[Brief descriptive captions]

**********

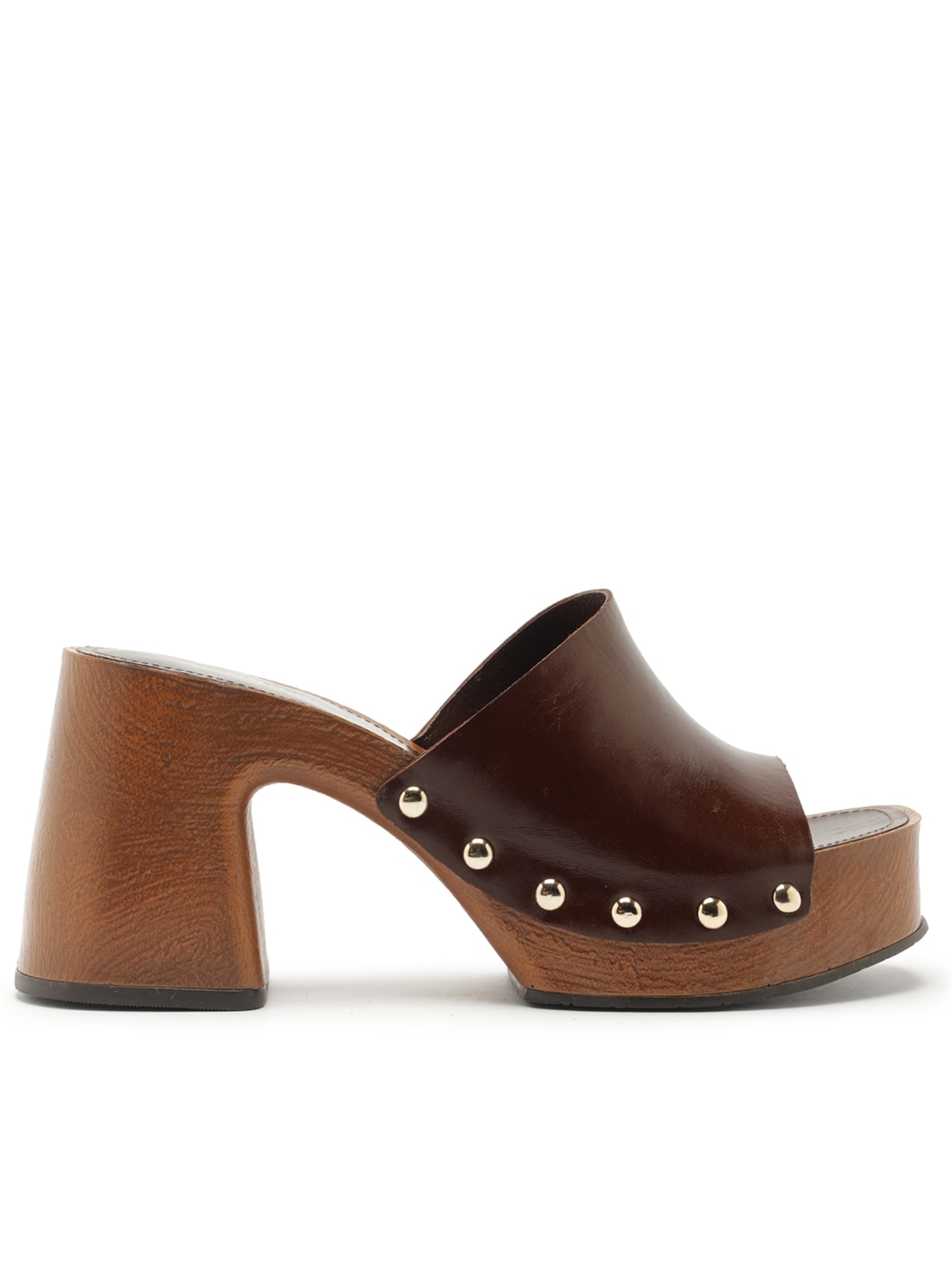 Sandália Feminina Tamanco Couro Meia Pata Madeira Marrom Arezzo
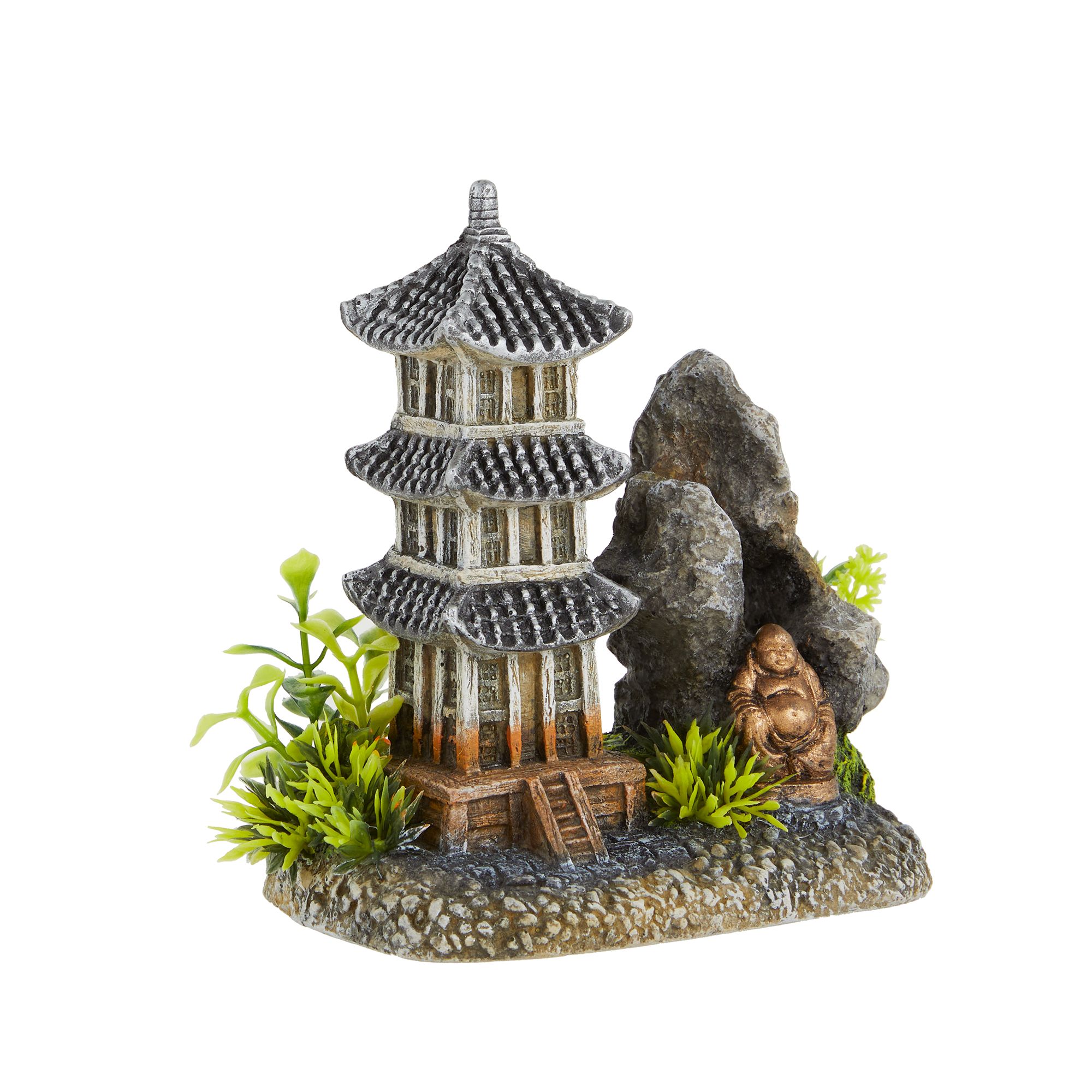 Top Fin® Asian Pagoda with Buddha Aquarium Ornament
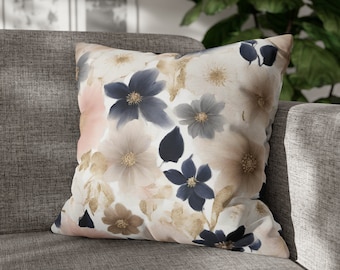 Housse de coussin fleurie pour canapé | Décorations blanches rose poudré, bleu marine gris ivoire | Taie d'oreiller décorative chambre à coucher salon, 20 x 20 18 x 18
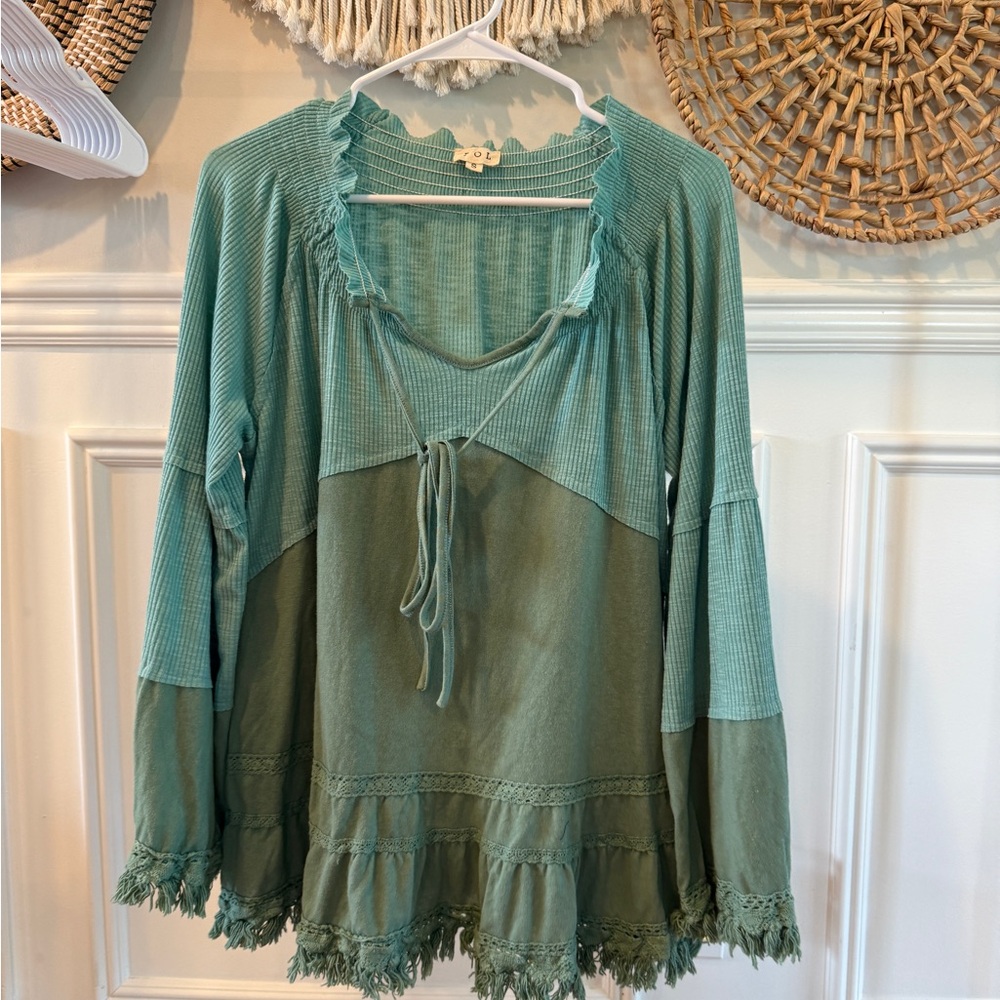 POL Green Long Sleeve Top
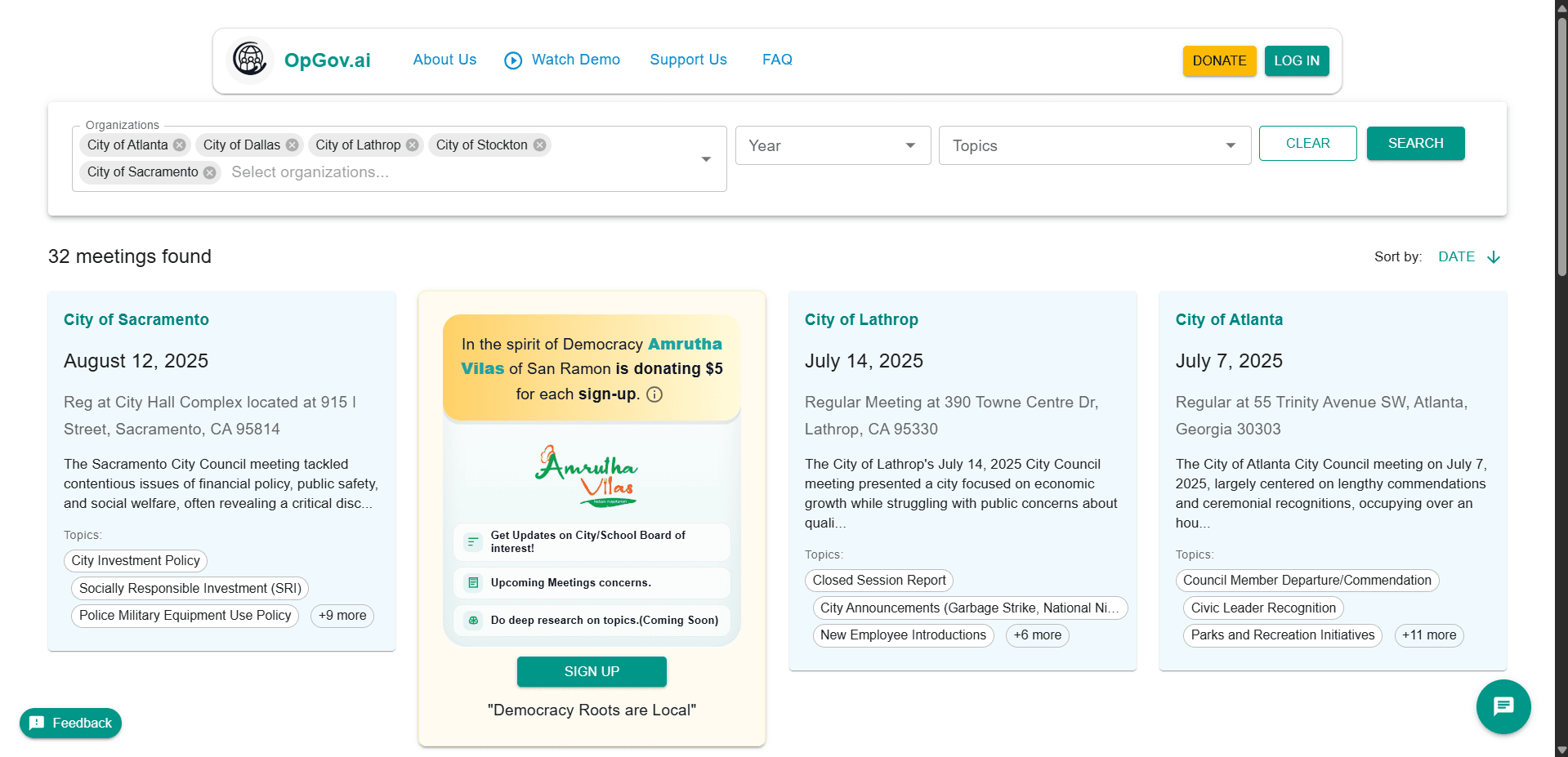 Example: how a donation translates to signups
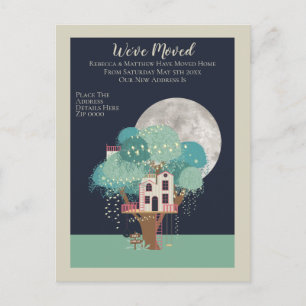 Tree House And Moon We Have Moved Home Announcement Postcard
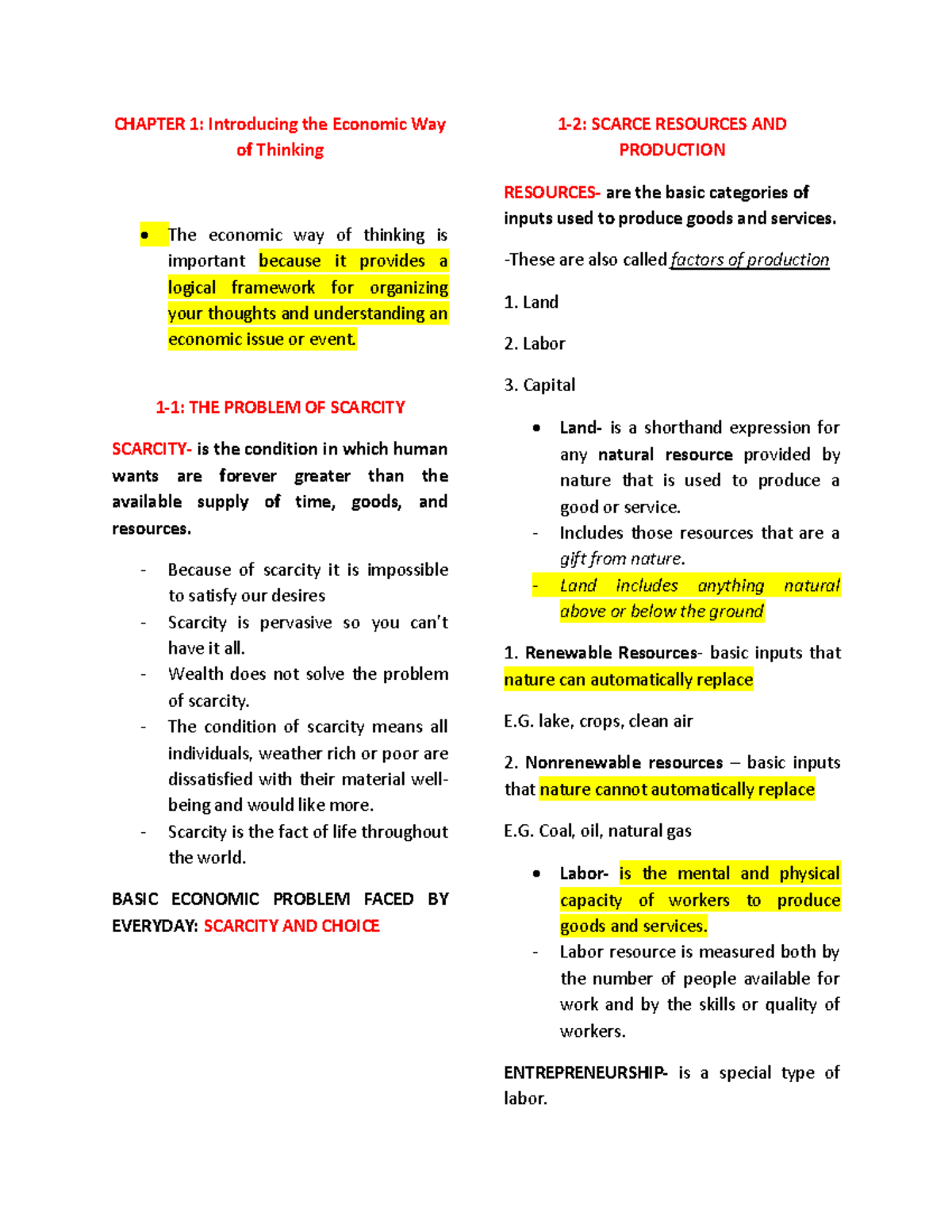 Chapter 1- Introduction To Economics Study Notes - CHAPTER 1 ...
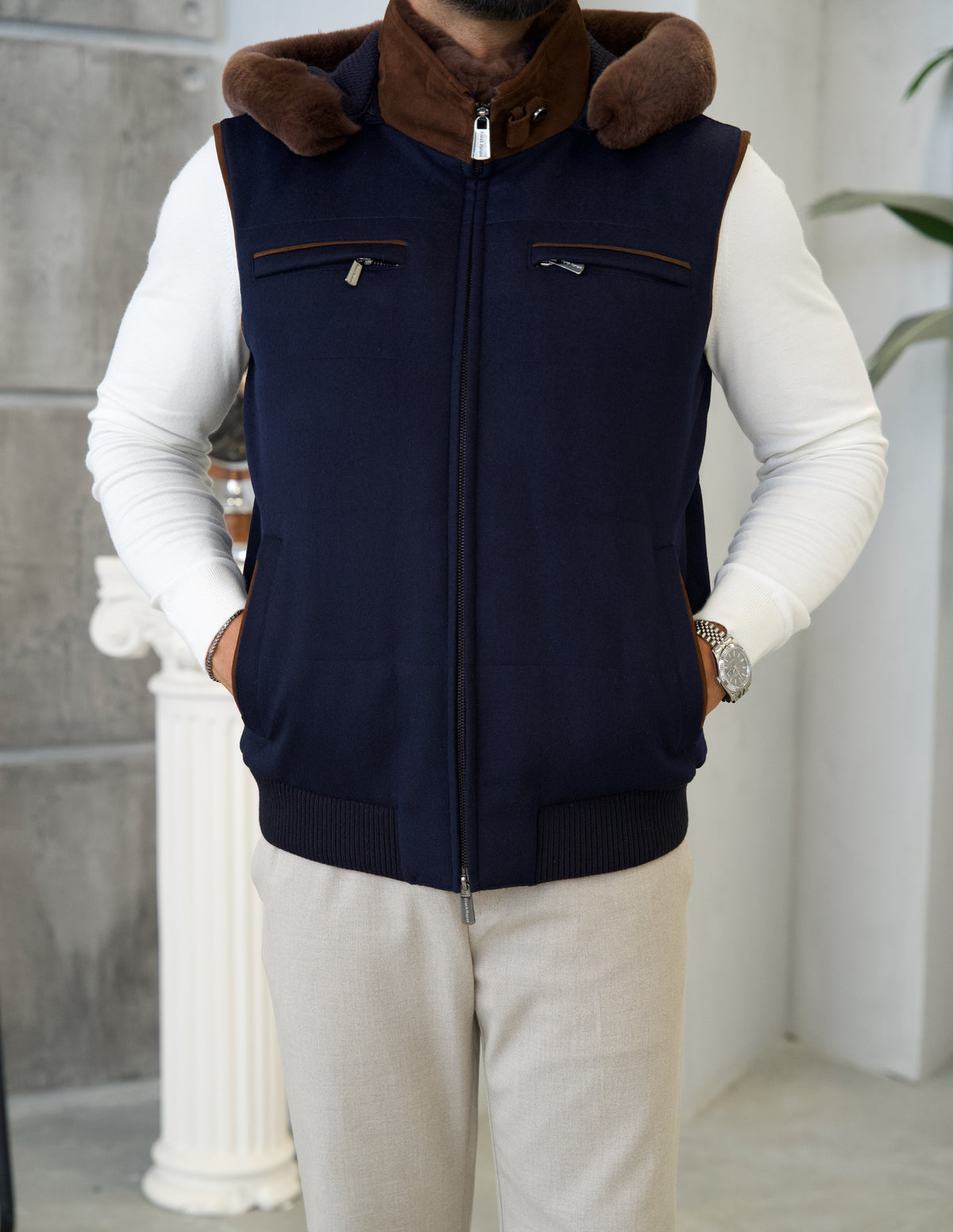 Men's Cashmere Vest with Removable Hood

**********

**Exercise brief**
Transcribe exactly, please, the lines between the start of the records above and the line holding "Chapter 1- Introduction", counting both of those lines and omitting pictures.

**Expected output**
 Sandália Feminina Tamanco Couro Meia Pata Madeira Marrom Arezzo
 Top Fin® Asian Pagoda with Buddha Aquarium Ornament
 Housse de coussin fleurie pour canapé | Décorations blanches rose poudré, bleu marine gris ivoire | Taie d'oreiller décorative chambre à coucher salon, 20 x 20 18 x 18
 POL Green Long Sleeve Top
 Example: how a donation translates to signups
 Tree House And Moon We Have Moved Home Announcement Postcard
 Chapter 1- Introduction To Economics Study Notes - CHAPTER 1 ...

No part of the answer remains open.